Context: Hereditary medullary thyroid carcinoma (MTC) is an inherited syndrome accounting for 25% of MTC cases. It is caused by germline RET mutations, which can be inherited or occur de novo.

Objective: This study aimed to define the prevalence and genetics of de novo MEN2 syndromes, which are not yet fully understood, and to characterize the parental origin of the RET de novo mutation.

Methods: We selected 152 of 215 families with hereditary MTC. In de novo cases, we sequenced the wild-type and mutated alleles of the index cases and compared their single nucleotide polymorphism profiles with those of their parents. Digital droplet PCR was performed to determine the presence of mosaicism in both the index case and the parents.
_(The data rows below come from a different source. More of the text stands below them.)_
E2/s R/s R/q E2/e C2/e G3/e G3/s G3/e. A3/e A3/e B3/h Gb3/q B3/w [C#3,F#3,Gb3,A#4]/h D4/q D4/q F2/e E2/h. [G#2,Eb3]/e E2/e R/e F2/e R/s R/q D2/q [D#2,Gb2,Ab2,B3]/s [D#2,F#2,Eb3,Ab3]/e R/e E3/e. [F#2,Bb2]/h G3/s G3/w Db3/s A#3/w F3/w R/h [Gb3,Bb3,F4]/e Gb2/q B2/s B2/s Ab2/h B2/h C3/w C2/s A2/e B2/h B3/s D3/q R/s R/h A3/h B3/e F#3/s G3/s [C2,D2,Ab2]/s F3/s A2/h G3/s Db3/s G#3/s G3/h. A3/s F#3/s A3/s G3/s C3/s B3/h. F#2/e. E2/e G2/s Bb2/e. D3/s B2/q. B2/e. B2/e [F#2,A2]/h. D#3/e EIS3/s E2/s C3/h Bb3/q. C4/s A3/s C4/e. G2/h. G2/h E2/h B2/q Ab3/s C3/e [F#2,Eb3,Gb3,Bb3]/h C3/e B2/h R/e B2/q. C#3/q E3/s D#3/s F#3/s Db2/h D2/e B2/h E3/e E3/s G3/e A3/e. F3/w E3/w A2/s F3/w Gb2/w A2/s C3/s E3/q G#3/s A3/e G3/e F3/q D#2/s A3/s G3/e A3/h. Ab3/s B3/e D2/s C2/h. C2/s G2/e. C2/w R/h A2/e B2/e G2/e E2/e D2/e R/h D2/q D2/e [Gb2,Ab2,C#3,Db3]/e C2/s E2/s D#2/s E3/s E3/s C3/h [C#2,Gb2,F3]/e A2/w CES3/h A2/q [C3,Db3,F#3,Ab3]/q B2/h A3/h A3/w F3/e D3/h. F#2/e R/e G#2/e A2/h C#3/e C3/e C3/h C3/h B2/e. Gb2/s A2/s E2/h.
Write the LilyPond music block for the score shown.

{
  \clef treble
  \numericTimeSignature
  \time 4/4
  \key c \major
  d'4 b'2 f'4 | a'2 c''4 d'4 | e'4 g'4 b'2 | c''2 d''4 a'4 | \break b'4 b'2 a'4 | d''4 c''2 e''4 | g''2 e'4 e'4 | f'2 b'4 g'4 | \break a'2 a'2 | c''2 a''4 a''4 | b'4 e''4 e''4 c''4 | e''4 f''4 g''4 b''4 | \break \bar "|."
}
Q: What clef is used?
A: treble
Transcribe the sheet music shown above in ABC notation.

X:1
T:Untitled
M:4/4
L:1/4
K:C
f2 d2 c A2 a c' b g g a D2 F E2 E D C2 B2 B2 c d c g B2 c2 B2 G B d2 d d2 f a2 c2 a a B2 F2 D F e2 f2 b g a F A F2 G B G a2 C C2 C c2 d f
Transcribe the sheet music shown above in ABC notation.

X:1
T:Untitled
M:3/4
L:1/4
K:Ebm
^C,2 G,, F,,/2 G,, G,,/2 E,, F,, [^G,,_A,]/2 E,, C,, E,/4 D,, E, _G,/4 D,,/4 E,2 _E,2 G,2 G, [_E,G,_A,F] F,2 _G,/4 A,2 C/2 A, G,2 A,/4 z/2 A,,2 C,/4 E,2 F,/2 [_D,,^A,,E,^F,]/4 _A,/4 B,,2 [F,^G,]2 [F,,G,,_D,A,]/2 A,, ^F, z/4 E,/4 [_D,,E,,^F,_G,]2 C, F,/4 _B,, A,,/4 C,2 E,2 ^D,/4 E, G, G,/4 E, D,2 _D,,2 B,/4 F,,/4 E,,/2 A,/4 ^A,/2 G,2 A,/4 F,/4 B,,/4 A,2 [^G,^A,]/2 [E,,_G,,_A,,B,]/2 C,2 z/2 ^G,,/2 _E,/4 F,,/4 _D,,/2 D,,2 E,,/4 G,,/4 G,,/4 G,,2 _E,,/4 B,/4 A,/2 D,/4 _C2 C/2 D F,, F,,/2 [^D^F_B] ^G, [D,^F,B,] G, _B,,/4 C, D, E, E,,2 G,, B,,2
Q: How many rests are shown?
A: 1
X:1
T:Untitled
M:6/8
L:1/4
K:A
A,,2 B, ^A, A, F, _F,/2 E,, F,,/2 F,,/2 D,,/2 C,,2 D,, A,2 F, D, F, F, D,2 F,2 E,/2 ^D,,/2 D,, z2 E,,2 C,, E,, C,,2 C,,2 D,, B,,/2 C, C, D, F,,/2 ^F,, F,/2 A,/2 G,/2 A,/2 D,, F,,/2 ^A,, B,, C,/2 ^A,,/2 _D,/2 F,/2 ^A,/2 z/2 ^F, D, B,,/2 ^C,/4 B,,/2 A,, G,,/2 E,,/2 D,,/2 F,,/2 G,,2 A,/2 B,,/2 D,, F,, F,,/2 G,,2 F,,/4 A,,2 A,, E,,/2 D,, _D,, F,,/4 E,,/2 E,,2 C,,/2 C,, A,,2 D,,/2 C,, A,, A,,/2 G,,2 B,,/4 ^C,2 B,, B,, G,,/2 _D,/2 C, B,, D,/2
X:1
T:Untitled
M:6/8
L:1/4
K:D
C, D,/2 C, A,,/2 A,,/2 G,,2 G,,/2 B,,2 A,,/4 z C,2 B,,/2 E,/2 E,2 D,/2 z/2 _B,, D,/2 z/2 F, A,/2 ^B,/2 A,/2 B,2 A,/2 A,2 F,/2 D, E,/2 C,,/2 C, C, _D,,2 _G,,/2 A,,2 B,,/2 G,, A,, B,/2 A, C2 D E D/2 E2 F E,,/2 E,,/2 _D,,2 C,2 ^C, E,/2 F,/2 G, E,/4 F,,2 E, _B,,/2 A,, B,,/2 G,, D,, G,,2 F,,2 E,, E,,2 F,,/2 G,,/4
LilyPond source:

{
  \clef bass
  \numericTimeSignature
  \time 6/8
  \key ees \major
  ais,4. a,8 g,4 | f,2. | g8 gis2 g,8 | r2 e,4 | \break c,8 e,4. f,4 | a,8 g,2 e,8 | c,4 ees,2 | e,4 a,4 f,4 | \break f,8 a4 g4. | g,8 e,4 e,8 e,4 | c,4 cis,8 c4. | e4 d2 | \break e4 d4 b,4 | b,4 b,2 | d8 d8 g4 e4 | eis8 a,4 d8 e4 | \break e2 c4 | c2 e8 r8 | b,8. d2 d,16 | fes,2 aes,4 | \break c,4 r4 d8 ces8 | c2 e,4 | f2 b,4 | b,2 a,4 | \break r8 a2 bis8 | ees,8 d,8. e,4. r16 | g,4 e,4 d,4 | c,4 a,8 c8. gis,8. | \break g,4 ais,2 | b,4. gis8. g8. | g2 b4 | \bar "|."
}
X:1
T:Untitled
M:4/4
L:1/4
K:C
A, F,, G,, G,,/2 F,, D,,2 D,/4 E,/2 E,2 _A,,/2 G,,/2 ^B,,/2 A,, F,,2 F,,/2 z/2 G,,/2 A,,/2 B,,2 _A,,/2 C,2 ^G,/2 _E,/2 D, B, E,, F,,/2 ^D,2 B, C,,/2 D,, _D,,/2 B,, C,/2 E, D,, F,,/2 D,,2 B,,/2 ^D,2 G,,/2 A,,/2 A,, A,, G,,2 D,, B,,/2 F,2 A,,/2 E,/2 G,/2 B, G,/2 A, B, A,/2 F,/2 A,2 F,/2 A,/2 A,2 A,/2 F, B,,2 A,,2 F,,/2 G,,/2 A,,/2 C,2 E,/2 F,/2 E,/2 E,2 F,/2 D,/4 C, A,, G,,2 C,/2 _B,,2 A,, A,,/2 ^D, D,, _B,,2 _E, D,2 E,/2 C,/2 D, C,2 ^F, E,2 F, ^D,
Results: In 24 of 152 (15.78%) families, the index case had a de novo mutation. Single nucleotide polymorphism analysis demonstrated that in all cases, the mutation occurred on the paternal allele. The absence of mosaicism supported the hypothesis that the mutation occurred during spermatogenesis. The mean age of fathers at the time of conception was, in some cases but not all, relatively advanced.

Conclusion: The prevalence of de novo hereditary MEN2 syndromes was approximately 16%, including MEN2B, and around 9% for other phenotypes. All de novo cases were of paternal origin and likely resulted from an acquired alteration in sperm DNA. The possible role of advanced paternal age in promoting de novo mutations could not be ruled out.